Work request -> Once you reach the line containing "Toyota tacoma forum" in the entries below, write out that line and each one after it down to the line containing "Γυναικεία μπλούζα Tom", exactly and with nothing added.

START Data shown

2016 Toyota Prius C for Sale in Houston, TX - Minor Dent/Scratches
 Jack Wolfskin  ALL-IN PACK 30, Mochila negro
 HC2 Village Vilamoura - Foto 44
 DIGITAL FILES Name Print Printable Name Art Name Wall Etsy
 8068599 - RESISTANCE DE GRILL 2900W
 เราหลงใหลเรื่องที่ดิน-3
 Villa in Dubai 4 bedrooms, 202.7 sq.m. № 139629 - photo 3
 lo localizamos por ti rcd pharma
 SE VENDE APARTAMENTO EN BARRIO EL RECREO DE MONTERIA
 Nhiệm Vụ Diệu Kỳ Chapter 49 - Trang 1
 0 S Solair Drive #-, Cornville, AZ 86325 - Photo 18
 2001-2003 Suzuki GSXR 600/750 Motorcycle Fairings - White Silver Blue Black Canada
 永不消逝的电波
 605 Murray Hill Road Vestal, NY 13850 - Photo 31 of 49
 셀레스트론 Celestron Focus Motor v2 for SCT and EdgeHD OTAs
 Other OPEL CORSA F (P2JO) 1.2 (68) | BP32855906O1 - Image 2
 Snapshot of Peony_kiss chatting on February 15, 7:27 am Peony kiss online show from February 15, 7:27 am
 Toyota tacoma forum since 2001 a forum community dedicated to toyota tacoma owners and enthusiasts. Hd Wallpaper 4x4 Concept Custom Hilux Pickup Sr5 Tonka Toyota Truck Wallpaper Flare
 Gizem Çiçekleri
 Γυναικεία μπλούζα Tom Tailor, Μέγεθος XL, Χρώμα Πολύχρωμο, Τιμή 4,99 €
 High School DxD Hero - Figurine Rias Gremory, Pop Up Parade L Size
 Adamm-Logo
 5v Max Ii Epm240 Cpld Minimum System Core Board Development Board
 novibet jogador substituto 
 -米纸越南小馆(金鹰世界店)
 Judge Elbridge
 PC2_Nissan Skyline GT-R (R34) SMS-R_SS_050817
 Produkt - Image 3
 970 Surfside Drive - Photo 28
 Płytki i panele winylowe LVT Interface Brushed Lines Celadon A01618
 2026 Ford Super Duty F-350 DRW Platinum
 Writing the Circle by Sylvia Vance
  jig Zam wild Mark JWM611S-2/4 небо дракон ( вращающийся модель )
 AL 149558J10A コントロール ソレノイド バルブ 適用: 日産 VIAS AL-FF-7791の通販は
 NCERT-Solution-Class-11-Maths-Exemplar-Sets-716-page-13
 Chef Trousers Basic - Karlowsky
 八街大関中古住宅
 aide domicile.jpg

END Data shown

Problem solution ->
 Toyota tacoma forum since 2001 a forum community dedicated to toyota tacoma owners and enthusiasts. Hd Wallpaper 4x4 Concept Custom Hilux Pickup Sr5 Tonka Toyota Truck Wallpaper Flare
 Gizem Çiçekleri
 Γυναικεία μπλούζα Tom Tailor, Μέγεθος XL, Χρώμα Πολύχρωμο, Τιμή 4,99 €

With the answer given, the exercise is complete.